* _Task statement_: Please give again, word for word, the line that contains "Catalog Remarkt Pagină 8" and every line after it to the end of the data, with no other lines.

◇ ◇ ◇ ◇ ◇

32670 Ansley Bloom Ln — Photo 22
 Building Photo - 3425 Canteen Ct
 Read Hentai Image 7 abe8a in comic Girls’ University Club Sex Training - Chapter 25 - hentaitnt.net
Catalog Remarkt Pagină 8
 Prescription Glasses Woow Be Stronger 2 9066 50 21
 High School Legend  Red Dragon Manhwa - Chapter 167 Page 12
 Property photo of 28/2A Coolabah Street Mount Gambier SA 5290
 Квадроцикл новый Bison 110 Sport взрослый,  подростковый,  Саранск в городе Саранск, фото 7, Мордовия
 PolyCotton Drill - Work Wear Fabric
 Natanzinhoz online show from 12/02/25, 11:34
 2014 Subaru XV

◇ ◇ ◇ ◇ ◇

* _Response to the task_:
Catalog Remarkt Pagină 8
 Prescription Glasses Woow Be Stronger 2 9066 50 21
 High School Legend  Red Dragon Manhwa - Chapter 167 Page 12
 Property photo of 28/2A Coolabah Street Mount Gambier SA 5290
 Квадроцикл новый Bison 110 Sport взрослый,  подростковый,  Саранск в городе Саранск, фото 7, Мордовия
 PolyCotton Drill - Work Wear Fabric
 Natanzinhoz online show from 12/02/25, 11:34
 2014 Subaru XV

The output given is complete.